Harold’s shrill tenor voice sang the aria with such fervor it shattered the windows and left Jimmy speechless. Harold knew Jimmy quite well by now and deduced from the pacing and incorehent mumbling that Jimmy wanted to be Meepleton again. The wise old frog explained that all Jimmy had to do was click his heels together and say there’s no place lik…ahem, sorry, wrong story.
Harold farted.
As the sounds of flatulence reverberated off the canyon walls Jimmy strongly desired to be in another location and to find out what brand of beans Harold liked to eat.
Jimmy sat down on a nearby rock to contemplate how he might convince Harold of his resurgent enthusiasm, and was about to embark on a long tirade when he observed something so completely dumbfounding, its revelation caused him to fall off the rock and almost into a nearby stream. That thought process went as follows:
“Damn that bloody frog, always strutting about and farting and living the good life – even though we’ve only been home for a few hours, its already starting to seem like an eternity. I’ve fed him, watered him, provided him a place to pass his excessive gas, and even stole my sister’s ‘Barbie & Ken: Living in Sin’ scale queen-sized bed for the little bastard to sleep in. And for what? What has he ever given me? What will he ever gi- What the hell? I’m in a canyon, sitting on a rock, next to a stream. This is… odd.’
“Meepleton,” said Harold, “do you know what just happened?”
“No” said Jimmy/Meepleton.
“Well,” said Harold, “to put things simply, you’ve grown to old – if only by an hour or more – for the colored balls to transport you from one place to another anymore. Instead, I must harness the power of my rather pervasice flatulants to move us from one location to another.”

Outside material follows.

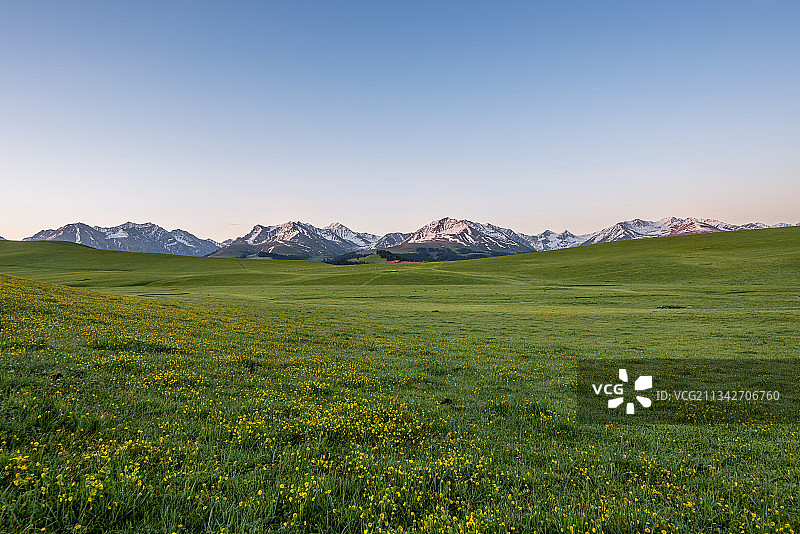 新疆伊犁喀拉峻草原春季风光图片素材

“Ah,” said Jimmy/Meepleton, “in doing so, however, you seem to have forgotten the proper use of the English language. Instead of ‘to’ you should have used ‘too’ and ‘pervasive’ spelled with a ‘v’ not a ‘c.'”
“Shut the $*#@ up” said Harold.
Jimmy and Harold were walking down the street when suddenly Jimmy realizes he needs to facilitate. Or in other words, use the lou. They search frantically knocking on neighbors doors, going to the public library, gas stations, police stations, grocery stores, even construction sites. Everywhere they look, no one seems to have a toilet. “This is insane” Jimmy thought to himself. “Has the world gone crazy? Don’t people use toilets anymore?” Being quite nervous over his perdicament, Jimmy begins to run up and down the streets looking for help. Suddenly the back of his head begins to ache. The pain is overwhelming. As the pain intensifies, he realizes that someone calling his name. He looks around but doesn’t see anyone. The voices become louder and the pain on his head becomes more intense. He falls to the ground, covers his ears with his hands and closes his eyes. Immediately Jimmy is aware that someone is shaking him. He opens his eyes and sees the sun blaring down on him. He looks around and realizes that he’s back in the playground. Miss Forester, his favorite teacher is looking down on him holding the blue ball that earlier had hit him in he head. “Was it a dream” Jimmy thought to himself? “Did Ronny Meepleton really throw that ball at me? What a jerk. Wow.. I really need to use the bathroom”.